As far as his ministry, his message is: keep it simple.
“We just keep it basic — trying to help people, and serving the community,” Burns said of the church’s mission. “We look at the life of Jesus, and that’s what he spent a lot of his time doing.”
Burns got started in Philadelphia by running a window company in North Philadelphia. Burns opened up the Realife Café in Bridesburg as a fully operational coffee shop, but also as a place for kids and teens, away from home or school, to just hang out, instead of being on the street.
“That’s how it all got started, just kids having cookies and cocoa,” Wideman recalled.
Realife Café was open for three years. Then it was turned into a thrift shop for two years.
Slowly, Burns, who has a degree from Philadelphia Biblical University — now known as Cairn University — realized, while connecting with the Bridesburg community through the café and thrift shop, that spreading a Christian message was the work he most wanted to do.
“What we believe helps people is faith. We were doing community service work. We decided, why not be a church?” Burns said.

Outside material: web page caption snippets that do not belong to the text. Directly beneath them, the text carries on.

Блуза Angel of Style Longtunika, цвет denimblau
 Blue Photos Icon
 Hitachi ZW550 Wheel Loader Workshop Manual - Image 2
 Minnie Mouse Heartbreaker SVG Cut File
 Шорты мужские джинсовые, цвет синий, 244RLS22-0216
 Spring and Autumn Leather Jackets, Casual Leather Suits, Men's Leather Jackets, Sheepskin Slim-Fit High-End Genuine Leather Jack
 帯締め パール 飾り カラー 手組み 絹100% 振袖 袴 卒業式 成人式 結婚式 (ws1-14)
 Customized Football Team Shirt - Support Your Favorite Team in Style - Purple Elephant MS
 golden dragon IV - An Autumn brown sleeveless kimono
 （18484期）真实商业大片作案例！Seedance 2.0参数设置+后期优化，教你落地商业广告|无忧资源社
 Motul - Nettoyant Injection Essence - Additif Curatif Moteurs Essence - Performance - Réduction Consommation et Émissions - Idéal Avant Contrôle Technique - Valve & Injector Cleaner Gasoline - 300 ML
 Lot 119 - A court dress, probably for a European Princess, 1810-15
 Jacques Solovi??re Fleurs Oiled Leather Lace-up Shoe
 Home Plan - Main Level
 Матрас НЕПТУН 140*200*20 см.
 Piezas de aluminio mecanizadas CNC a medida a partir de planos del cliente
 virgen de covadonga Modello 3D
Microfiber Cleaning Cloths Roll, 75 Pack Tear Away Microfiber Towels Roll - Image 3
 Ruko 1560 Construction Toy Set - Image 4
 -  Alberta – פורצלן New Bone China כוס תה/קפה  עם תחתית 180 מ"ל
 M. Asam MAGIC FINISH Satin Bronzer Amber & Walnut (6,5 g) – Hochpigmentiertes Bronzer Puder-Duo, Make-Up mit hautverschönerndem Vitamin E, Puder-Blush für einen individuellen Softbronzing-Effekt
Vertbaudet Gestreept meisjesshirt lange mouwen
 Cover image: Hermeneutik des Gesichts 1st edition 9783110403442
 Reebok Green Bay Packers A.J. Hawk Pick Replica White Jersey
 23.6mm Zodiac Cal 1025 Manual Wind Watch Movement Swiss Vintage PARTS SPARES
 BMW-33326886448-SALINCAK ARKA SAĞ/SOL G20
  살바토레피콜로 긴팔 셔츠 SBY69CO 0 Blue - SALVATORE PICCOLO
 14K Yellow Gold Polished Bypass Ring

As a community hub, Realife is the meeting place of the Bridesburg Civic Association; it’s also a meeting point for the summer service trips in the city that Weber organizes. However, it is not a large enough space for the current size of the congregation – about 100 families — and the church holds its weekly services at Richmond Hall, in Port Richmond. That’s why the new building became necessary.
Burns said he hopes the larger meeting space will allow the church to provide more community service projects to the community, as that is a large part of the church’s mission.
In recent years, Realife has worked with Weber to host Grace Point’s weeklong “kids’ camp” of service activities, which took place this year in July. As part of one project, the Grace Point kids cleaned, cleared and re-landscaped the entire backyard of a West Kensington homeowner.
Other service projects Realife Church has led include repainting the wrought-iron fence behind the Bridesburg Recreation Center, which is still a work in progress. Also this summer, they hosted their first-ever basketball tournament at the recreation center.
“They’ve had 40 or more kids here sometimes,” said Jackie DeSanctis, a volunteer at the Bridesburg Rec. “If they know we need something done, he says ‘Just give me a call,” she said of Burns.
Realife also sponsored Christmas gifts for kids attending Bridesburg Elementary School in recent years, and has done service projects service at the Bridesburg Boys and Girls Club.
“They have helped with some of our clean-up days and they’ve done odds and ends tasks over the years,” said Mare Toner, director of the Boys and Girls Club.
As Burns put it, “We just will go to any organization and ask, ‘What do you need? What can we do?’”
With that kind of volunteer service record, despite their unusual café location, Realife – or as it will soon be known, Soma Philadelphia – might have a very bright future in Bridesburg.
“Our church exists so that every man, woman and child will have an opportunity to hear and respond to the gospel,” Burns said. “It’s whatever we can do to help.”